The Constitutional Budget Rule

Key Principles for Effective Design

This research summary addresses what an ideal constitutional budget rule could look like and what it must accomplish.

The House of Representatives this week is slated to consider the “Cut, Cap and Balance Act of 2011” (H.R. 2560) which includes a balanced budget amendment [BBA] to the U.S. Constitution. But what does an ideal constitutional rule look like? What must it accomplish? According to Mercatus Center at George Mason University Senior Scholar David Primo (an Associate Professor of Political Science at the University of Rochester), there are several key principles and goals that should drive legislators’ design of constitutional budget rules.

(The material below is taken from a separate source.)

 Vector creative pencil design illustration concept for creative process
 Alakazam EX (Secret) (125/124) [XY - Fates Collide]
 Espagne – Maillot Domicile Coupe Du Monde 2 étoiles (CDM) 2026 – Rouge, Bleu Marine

(Please see Dr. Primo’s Mercatus working paper “Making Budget Rules Work,” and book, Rules and Restraint: Government Spending and the Design of Institutions, for an in-depth discussion of this issue.) 

KEY PRINCIPLES OF CONSTITUTIONAL BUDGET RULE DESIGN

Change the Terms of Debate. It has long been easy for Washington to defer—or simply to avoid—difficult budget decisions. A Constitutional budget rule should force difficult fiscal issues to be addressed, regardless of the political climate or other external influences. Negotiations between Democrats and Republicans would look very different right now if both sides knew they were bound to cut the budget by a certain amount in the next few years.

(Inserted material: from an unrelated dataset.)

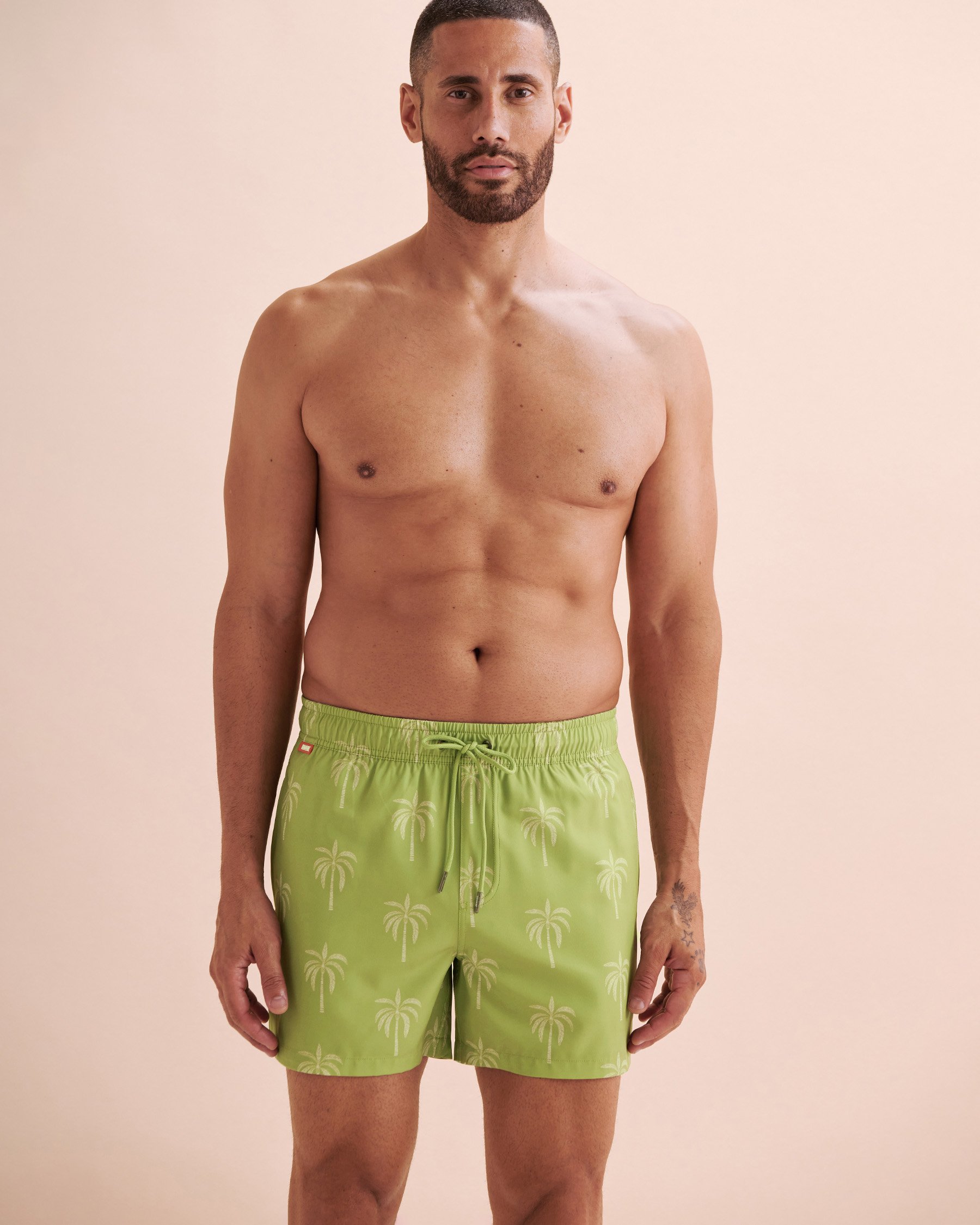 HAMABE Maillot volley Imprimé palmier vert 03100044 - Voir9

Focus on Spending. A budget can be balanced and still include excessive spending, if revenues are high enough. It is important, therefore, for budget rules, even if they require budget balance, to place constraints on spending or make tax increases difficult.

Apply to Entire Federal Budget. Budget rules that focus just on discretionary spending, or only on entitlements, are inadequate since they do not address the country’s overall fiscal health. Budget rules should place constraints on overall spending, but leave decisions about how funds are spent to elected officials.

Have Limited, Carefully Constructed Emergency Provisions. There are situations, such as war, when it makes sense to increase spending in ways that would violate a Constitutional budget rule; thus, the rule should allow for such demands. The threshold for waiving a rule, however, must be very high—perhaps even as high as a 90% supermajority—to ensure Congress cannot waive the Constitutional rule as a matter of course. With a very high threshold, a rule would not have to specify what an emergency is, since only in rare cases would Congress be able to muster the supermajority required to waive the rule. 

Be Precise and Prevent Loopholes and Gimmicks. Most rules leave implementation details to later, but the risk in doing so is that Congress, when it fills in those details, will create loopholes that eviscerate the rules.  For this reason, terms need to be defined as clearly as possible in the Constitutional rule to give Congress as little “wiggle room” as possible.